Examining various areas of homemaking - child-rearing and reproduction, housekeeping, architecture and spatiality, the housewife mythos - through the theoretical frameworks of gothic, queer, gender, supernatural, humor, and architectural studies, this collection contextualizes Jackson's archive in a Cold War framework and assesses the impact of the work of a writer seeking to question the status quo of her time and culture.
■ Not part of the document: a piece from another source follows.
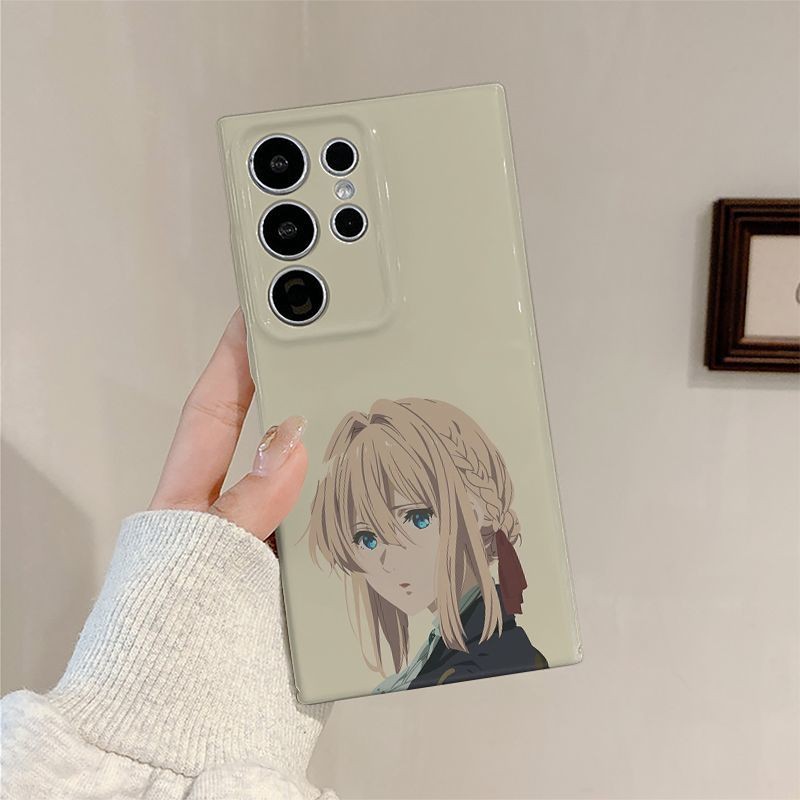 สาวอะนิเมะสองมิติเข้ากันได้ Samsung S22 S25 ultra S25 plus Hard Case A05 A73 A53 ป้องกัน A24 4G A13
Shirley Jackson and Domesticity is a welcome and much-needed contribution to the critical conversation on Shirley Jackson's fiction and the cultural and political milieu in which she was writing. This wide-ranging collection is particularly laudable for the close attention it gives to Jackson's frequently overlooked short fiction, her quasi-autobiographical 'family chronicles' (often dismissed as overly optimistic and lacking depth), and The Sundial, a delightfully catty response to Cold War-era apocalyptic fears. By highlighting the continuities as well as the disjunctions with Jackson's wide-ranging oeuvre, the volume undertakes the important work of ensuring that 'The Lottery' and her most famous novels are placed side by side with her more neglected works, and that the latter are given the attention and rigorous analysis that they have long deserved.